** Work order **
Search the entries below for "фото из отзыва ID 2652505". Give that line and all the lines after it again, exactly, through the last, without pictures.

** Listed entries **
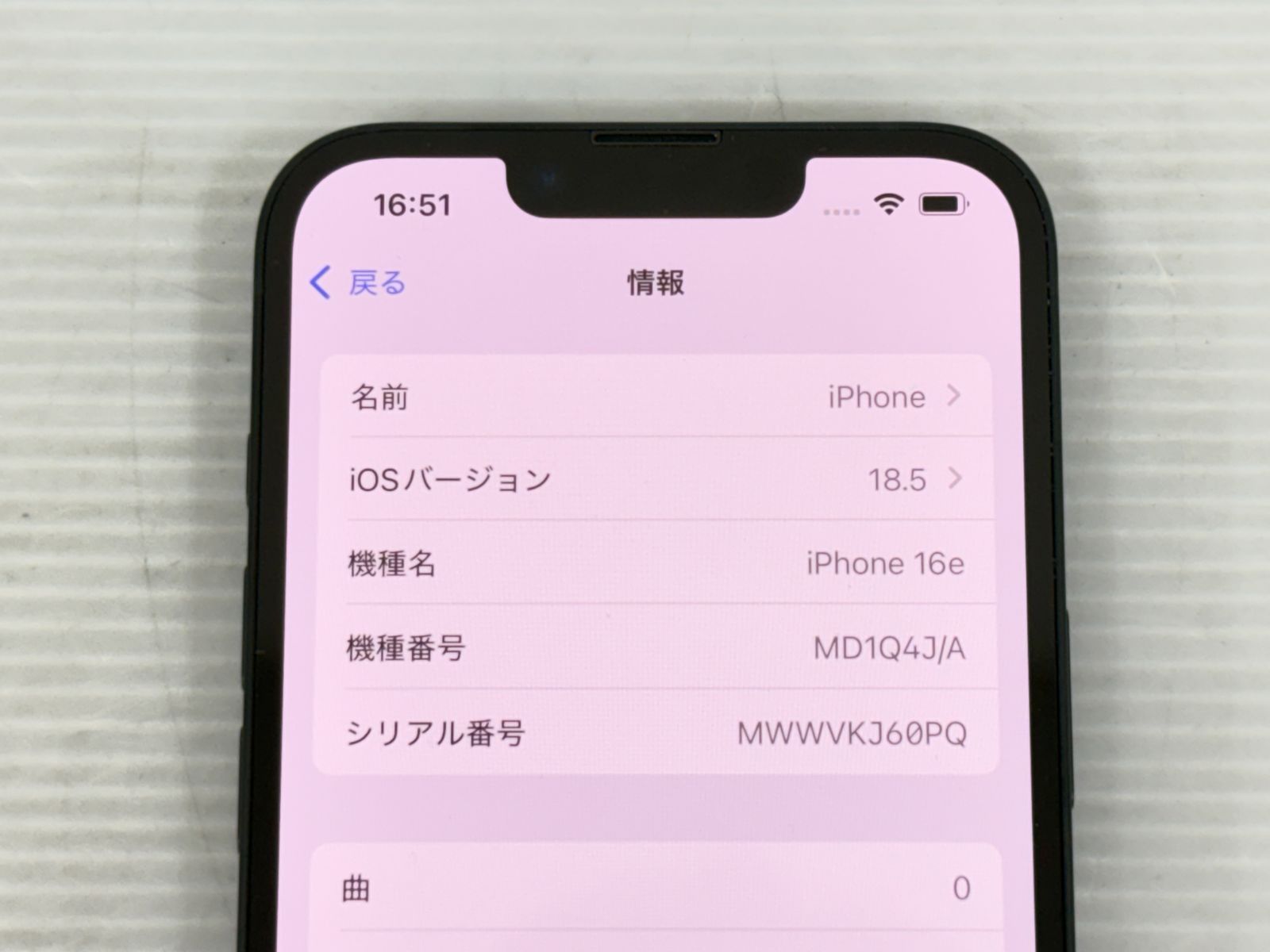 美品 バッテリー100%】Apple iPhone 16e 128GB SIMフリー A3409(MD1Q4J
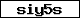 Code de vérification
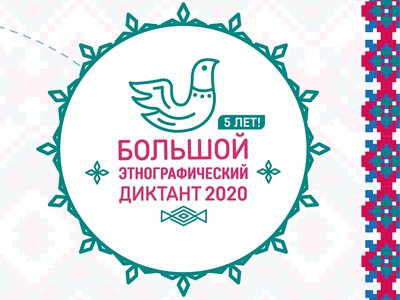 Большой этнографический диктант пройдёт в Нижегородской области с 3 по 8 ноября
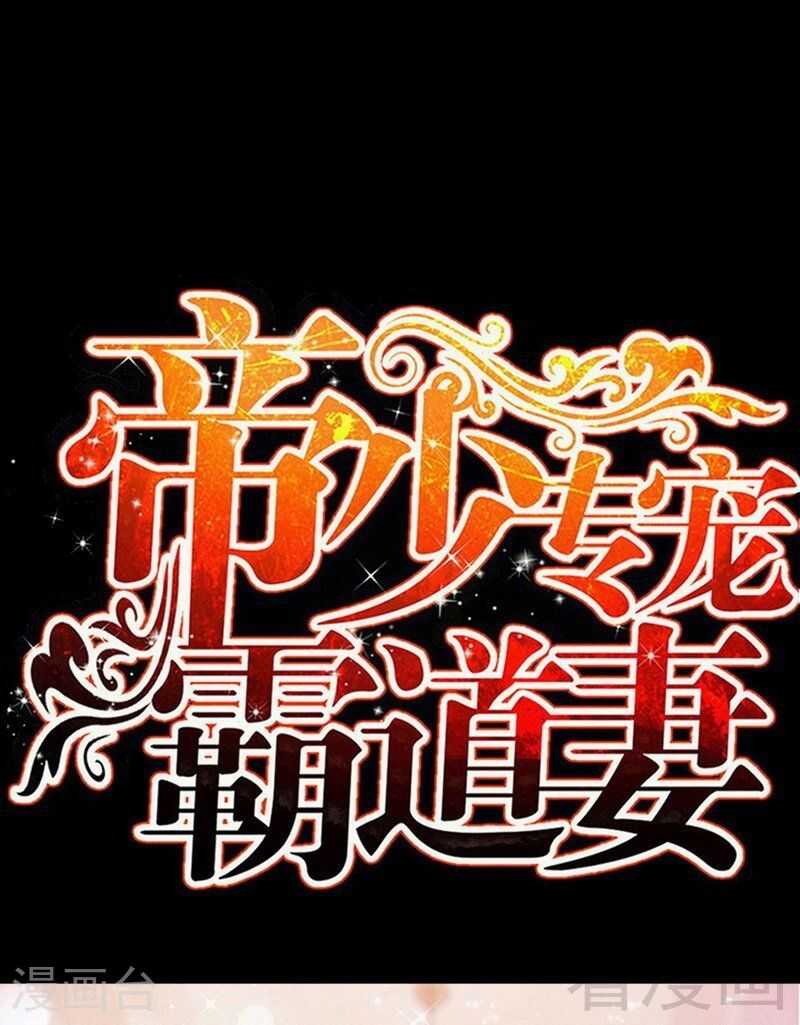 第120话 未死之人4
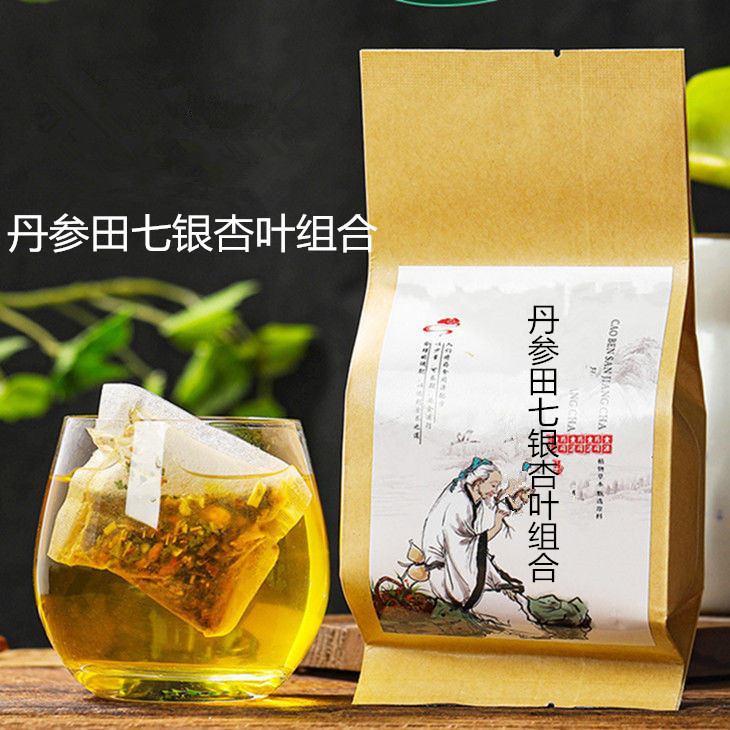 丹参田七银杏叶组合天然无硫新货干货泡水泡茶正品包邮袋泡茶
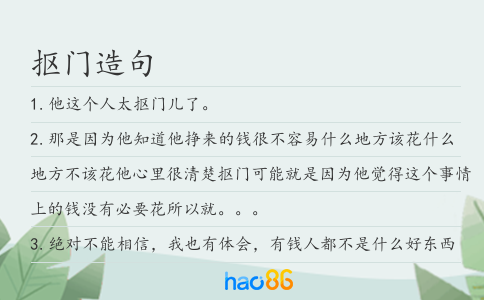 抠门造句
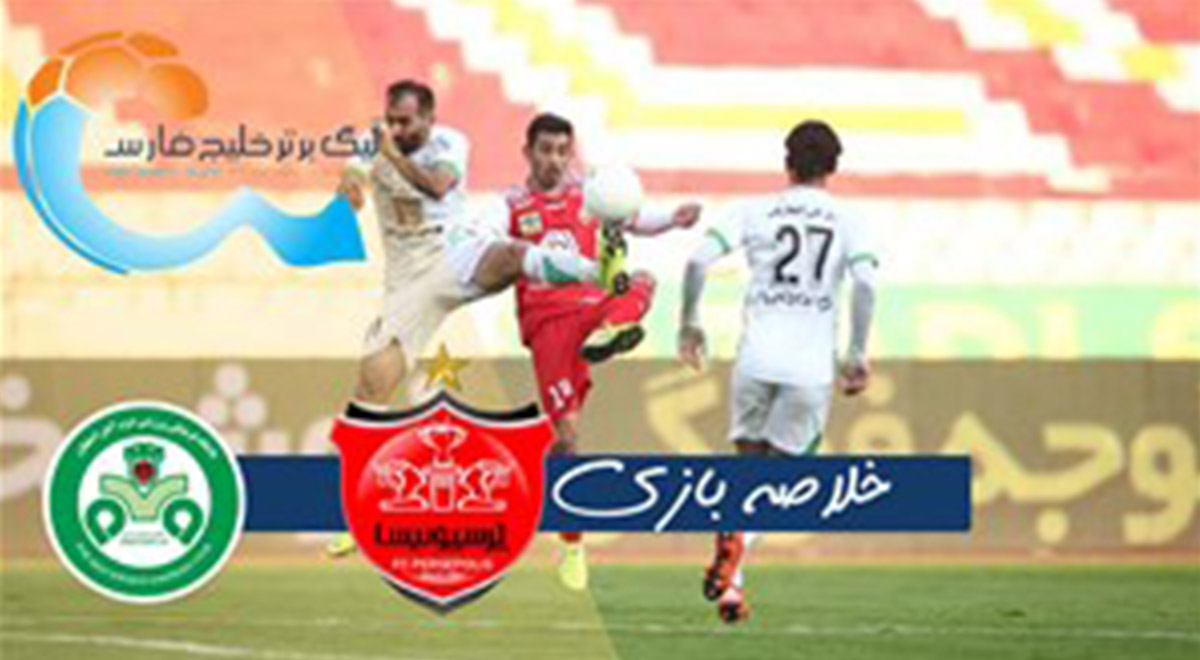 خلاصه بازی فوتبال پرسپولیس 1 - ذوب آهن 1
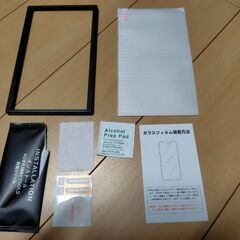 ニンテンドー Switch2 保護フィルムの画像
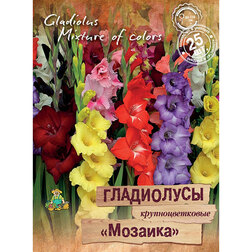 ����  ���������� ��������������� ������� (25 ��.), ������ �� 943 ���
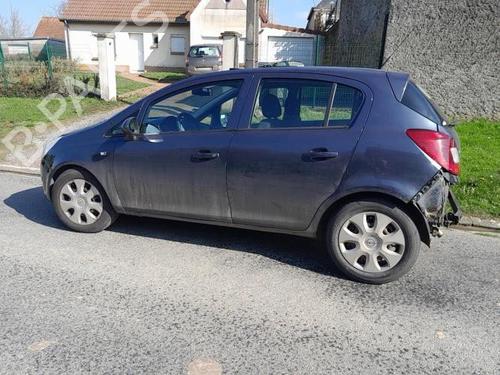 Left mirror OPEL CORSA D (S07) 1.3 CDTI (L08, L68) | BP25424495C26 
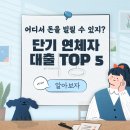 대부농축산 | 단기 연체자 대출 가능한 정부 및 금융권 상품 TOP 5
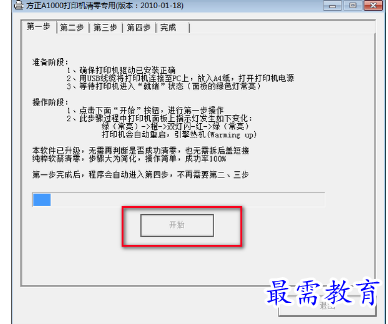 1680755304760448.png image.png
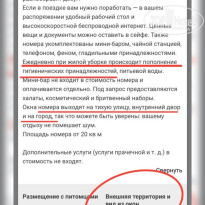 фото из отзыва ID 2652505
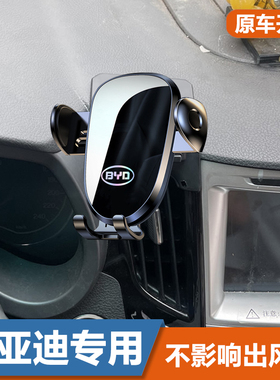 适用比亚迪F0 S6 G3 L3 E5 F6汉宋 PRO PLUS速锐海豹专用车载支架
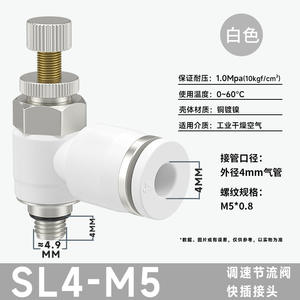 Válvula de Retención de Flujo Unidireccional para Tubería PA, Válvula de Estrangulamiento de Cilindro, Regulador de Velocidad Neumático, Conector de Tubería de Aire Blanco - Product Image 2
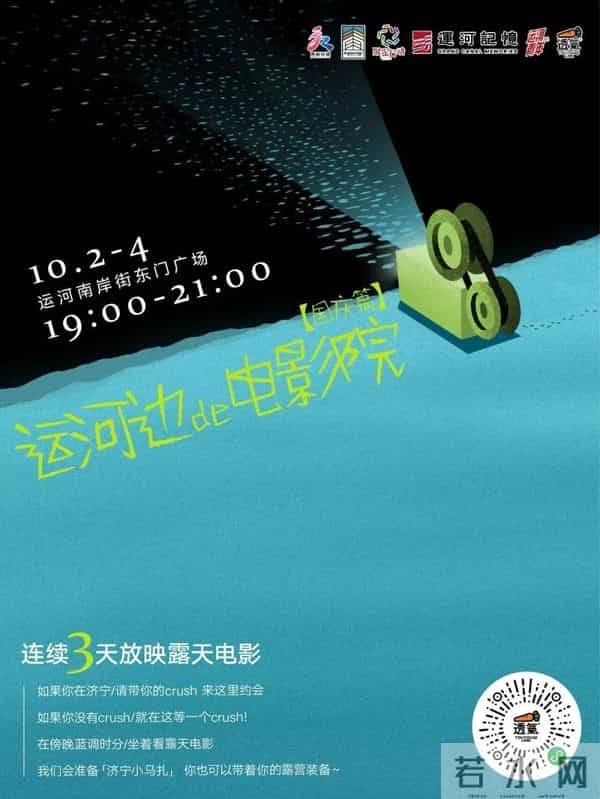 这个国庆来济宁,旅游景区宠客宝藏攻略来袭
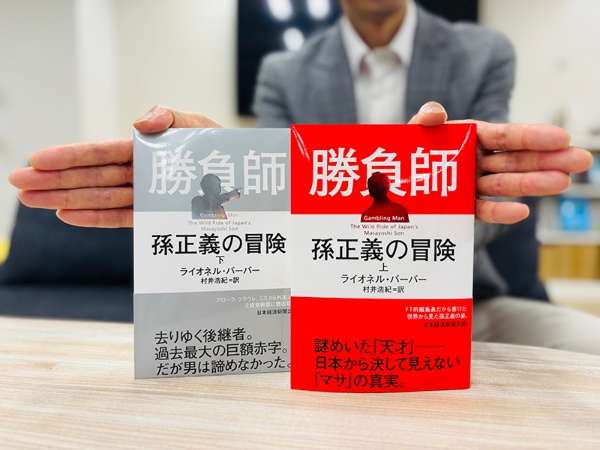 『勝負師 孫正義の冒険(上)(下)』(ライオネル・バーバー著、村井浩紀訳)。歴史上の人物の足跡をたどるのとはまたひと味違う、現在進行中の波瀾万丈な冒険をたっぷりと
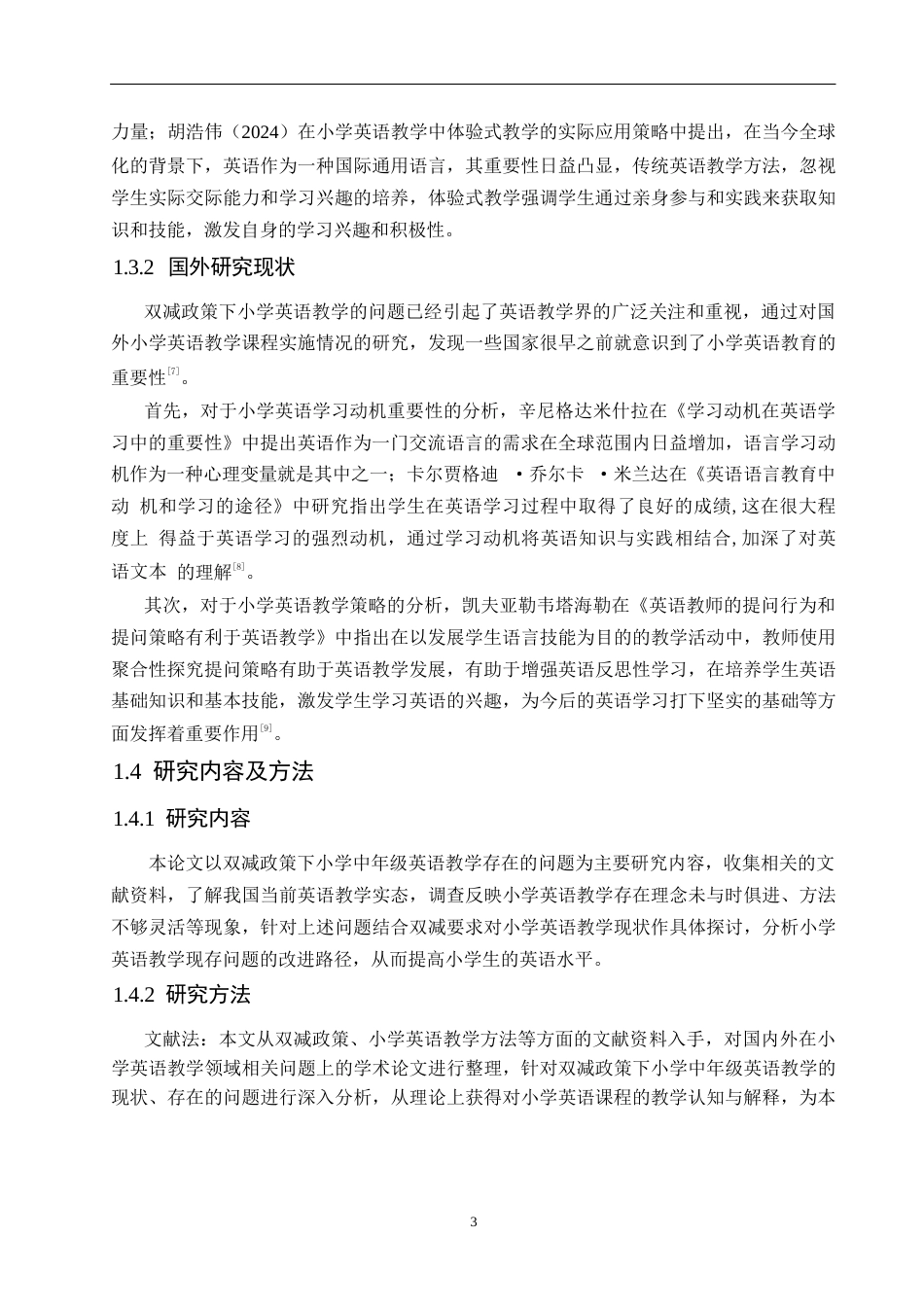 25年WP小学教育-双减政策下小学中年级英语教学中存在的问题及对策-14.820-11087.docx_第8页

** Solution **
 фото из отзыва ID 2652505
 适用比亚迪F0 S6 G3 L3 E5 F6汉宋 PRO PLUS速锐海豹专用车载支架
 Válvula de Retención de Flujo Unidireccional para Tubería PA, Válvula de Estrangulamiento de Cilindro, Regulador de Velocidad Neumático, Conector de Tubería de Aire Blanco - Product Image 2
 这个国庆来济宁,旅游景区宠客宝藏攻略来袭
 『勝負師 孫正義の冒険(上)(下)』(ライオネル・バーバー著、村井浩紀訳)。歴史上の人物の足跡をたどるのとはまたひと味違う、現在進行中の波瀾万丈な冒険をたっぷりと
 25年WP小学教育-双减政策下小学中年级英语教学中存在的问题及对策-14.820-11087.docx_第8页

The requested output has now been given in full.